Bref, depuis que je suis rentrée dans l’administration, j’ai changé de poste environ tous les trois ans, et depuis que je suis cadre supérieur, c’est systématiquement assorti d’un déménagement. Du coup, je suis obligée de ma calmer maintenant à cause des gamins, comme tout le monde.

Et la guigne arrive (rappelez vous que c’est la fonction publique) : Arrivée donc sur le dernier poste, je tombe sur un directeur qui s’entend très bien avec moi, trop peut être. du coup, je me sens obligée de lui mettre (maladroitement sans doute) les points sur les I, au bout de quelques mois (ai je trop tardé à le faire ?) du genre « je ne voudrais pas avoir le sentiment d’être favorisée par rapport à mes autres collègues ». Attitude rarissime chez un cadre supérieur, qui par définition, ne peut faire la différence entre loyauté et servilité.

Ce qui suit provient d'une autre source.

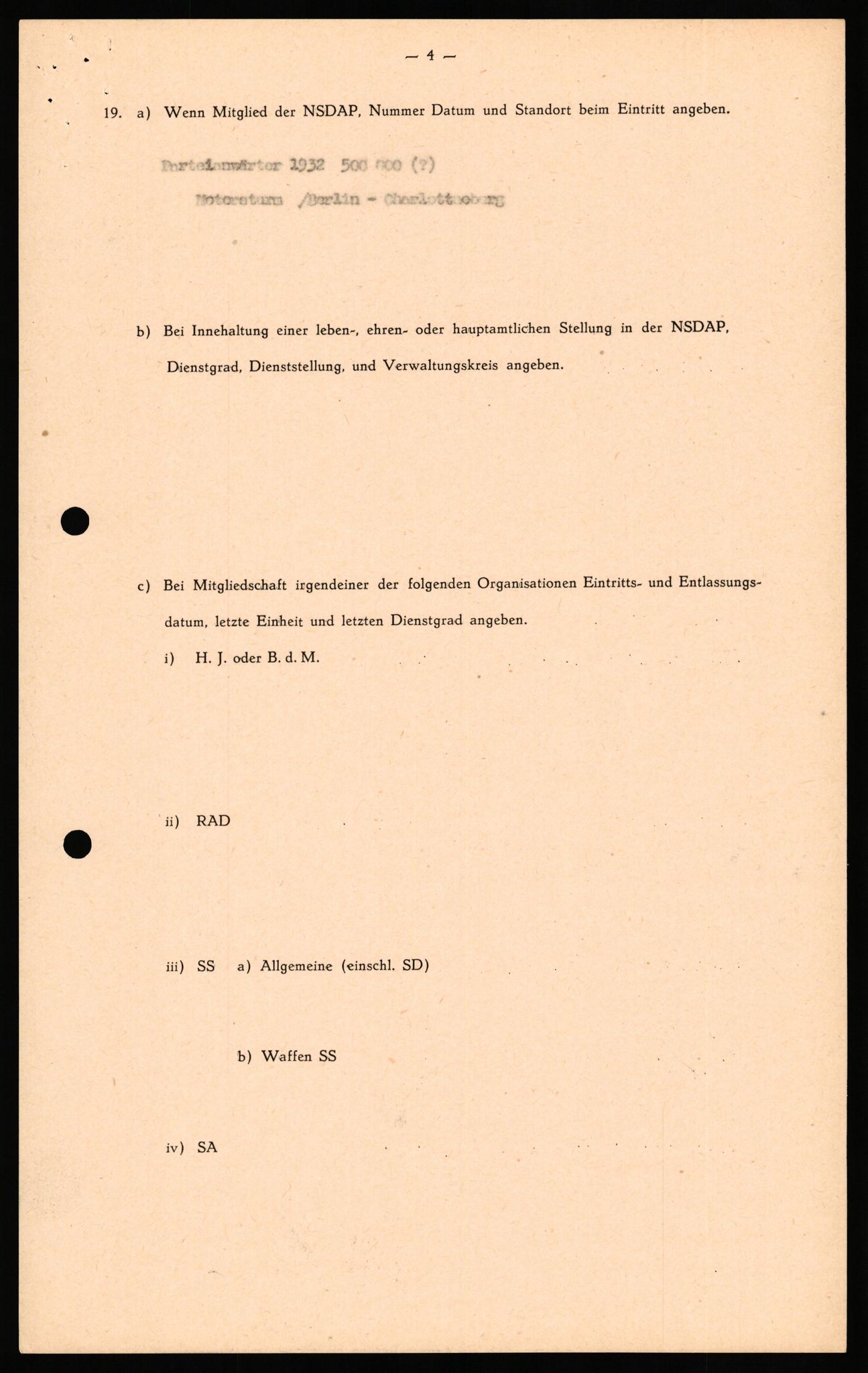 Forsvaret, Forsvarets overkommando II, AV/RA-RAFA-3915/D/Db/L0034: CI Questionaires. Tyske okkupasjonsstyrker i Norge. Tyskere., 1945-1946, p. 13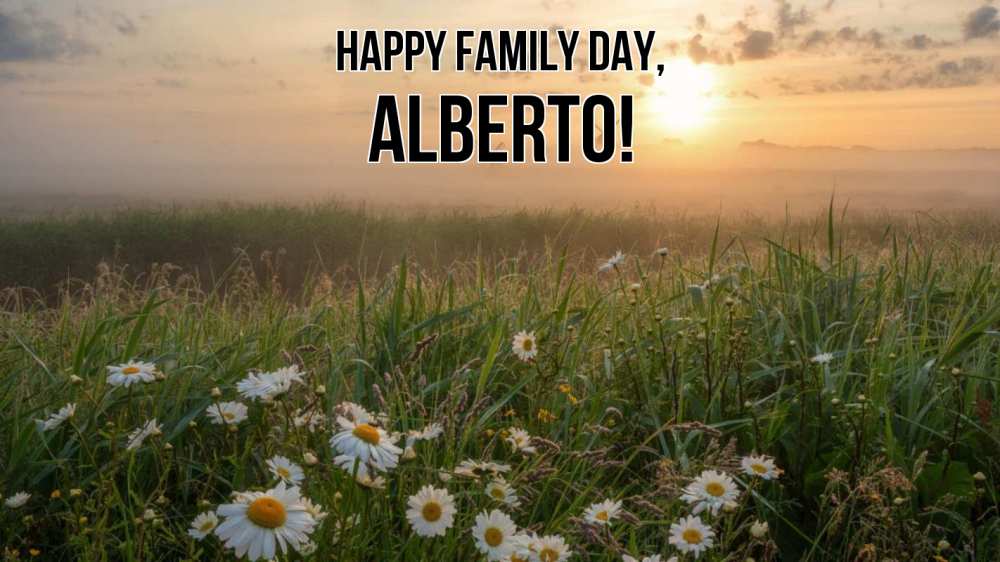 Greetings card с именем, Alberto happy family day с днем семьи Greetings with text for free download 
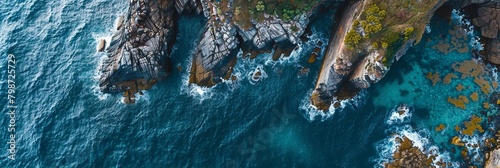 aerial view of cliff near to coastline. top view from drone.
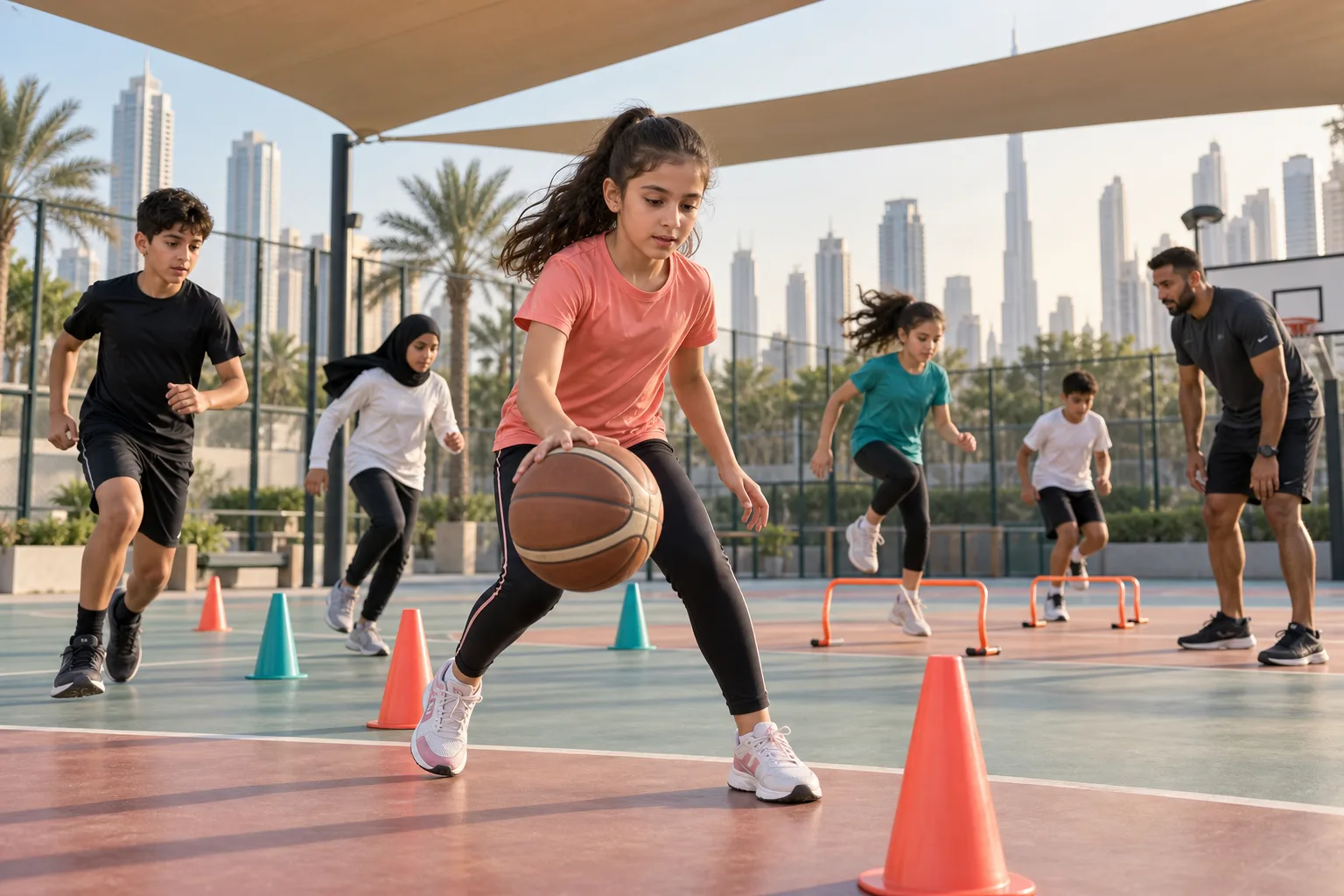 Children taking part in a coached sports class in the UAE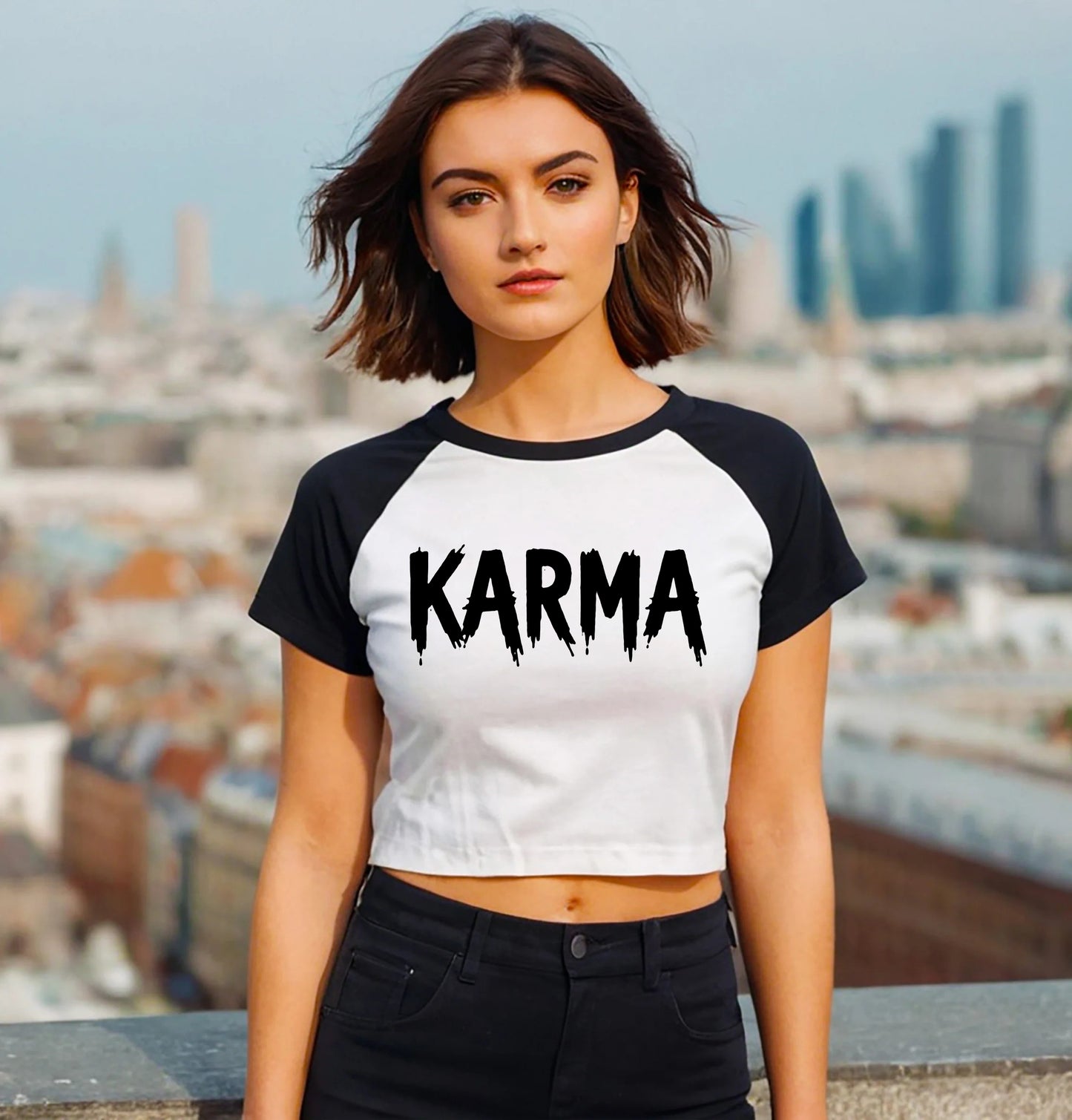 KARMA COOL SLOGAN | LADIES RAGLAN CROP TOP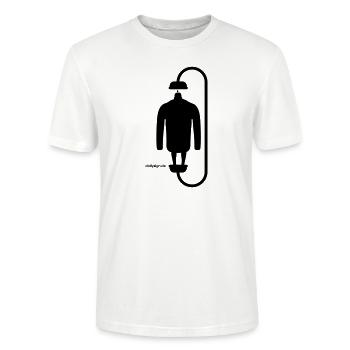 06 22 WARM DRESS COLD SHOWERS black - Stanley/Stella CRAFTER Unisex Organic T-Shirt - white - Front - Alina (178cm) & Michal (187cm)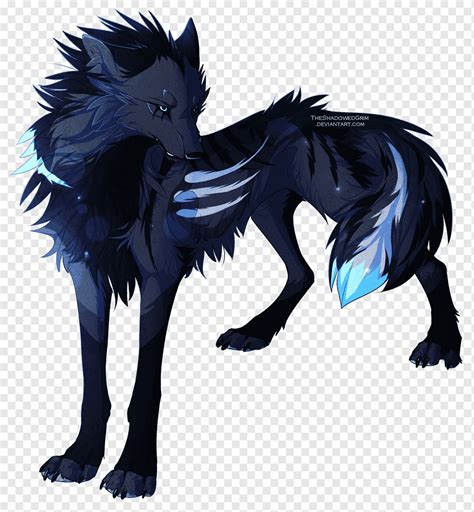 Black And Blue Anime Wolf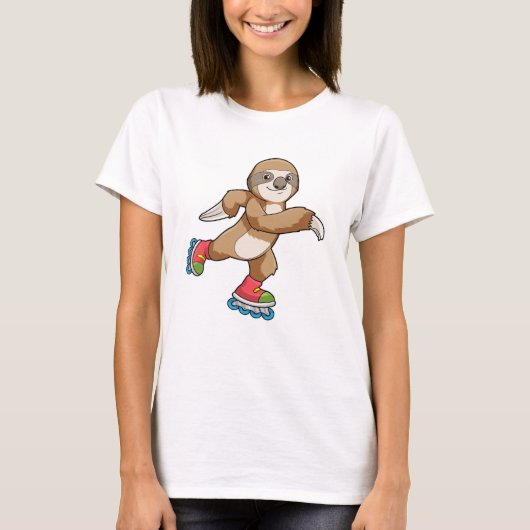 T-shirt Sloth as Skater avec Patins Inline (Devant)
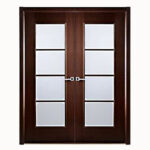 Aries-Mia–Interior-Double–Door-in-a-Wenge-Finish-with-Frosted-Glass-Panels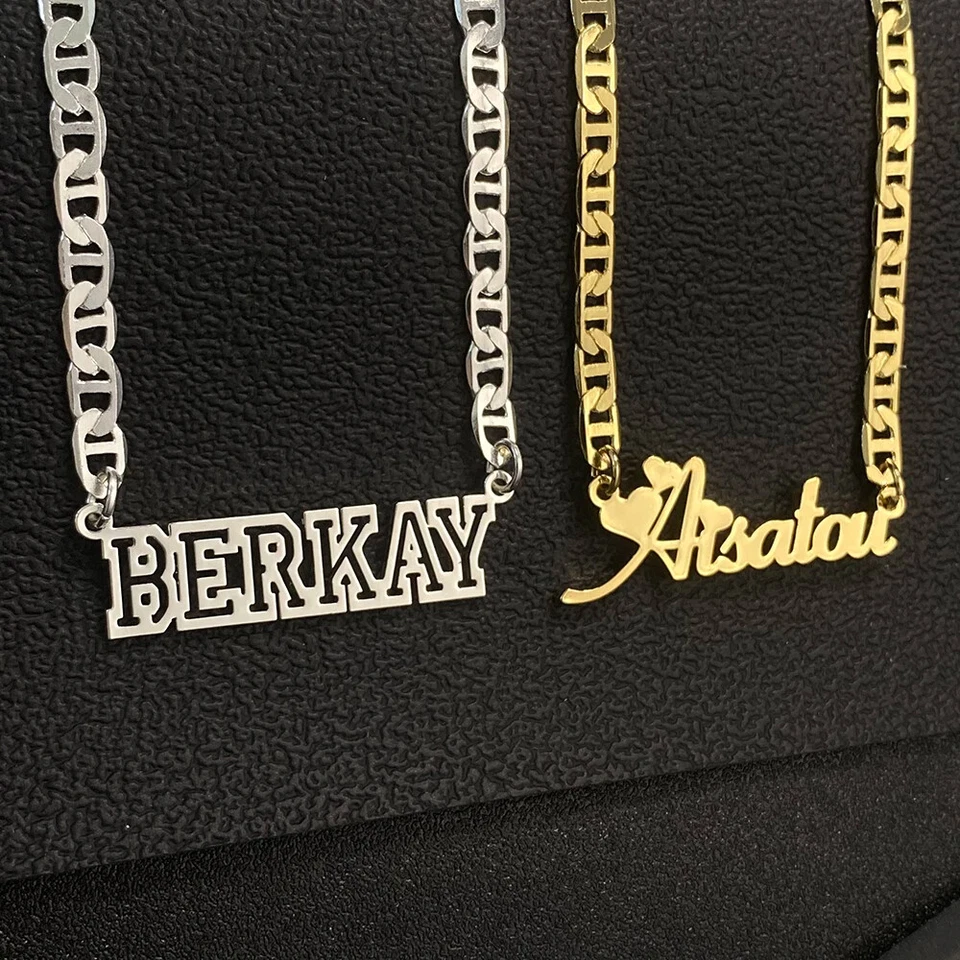 Customized Nameplate Custom Name Necklace Personalized Stainless Steel Men Women - Image 2 of 4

Pour m’être opposée aussi ouvertement à ce directeur (je passe le détail des humiliations subies, qui je pense m’auraient permis d’aller devant un tribunal pour harcèlement moral)j’ai eu 5 centièmes de moins à ma notation : pour un cadre supérieur, c’est une sanction rédhibitoire (avec le recul en rigolant, j’ai dit que je me retrouvais sur le même banc que les alcooliques, les corrompus etc) : l’administration, gênée sans doute, m’en a rendu 4 d’office, sans que je fasse le moindre recours, sur les conseils de mon premier directeur, avec lequel j’ai toujours conservé de bonnes relations. mais sous la promesse que je n’en fasse pas après :

Pourquoi ? parce qu’en faisant un recours, ce n’était plus mon cas personnel contre un Directeur, c’était moi contre l’adminsitration : le Directeur en question n’a jamais été désavoué (il faudrait pour cela que l’adminsitration fusse courageuse) bien au contraire il a eu « sa carotte » de fin de carrière, pour s’en débarraser en quelque sorte (aux frais du contribuable bien sûr), c’est plus commode, plus rapide, cela évite à l’adminsitration de reconnaître ses erreurs : le principe hiérarchique veut que, lorsqu’il y a divorce administratif entre deux cadres, c’est toujours aux torts exclusifs du moins gradé. Et l’administration est gagante : pas de linge sale lavé au grand jour, une réhabilitation partielle me concernant, sans aller jusqu’au bout de sa logique pour ne pas désavouer ouvertement un directeur,principe hiérarchique oblige...

Pourtant, les torts ont été partagés dans cette affaire là, pardon encore d’évoquer mon petit cas personnel, mais cela en dit long sur le fonctionement adminsitratif : sur le fond, pour lui,(ce qui me semble le plus grave,) sur la forme, pour moi, dans la mesure où plus la situation empirait, plus j’ai mené une opposition frontale, peu diplomate, bref, j’ai du quelque part chercher le bâton pour me faire battre...l’administration n’aime pas le bruit, n’aime pas qu’on la pousse à trancher....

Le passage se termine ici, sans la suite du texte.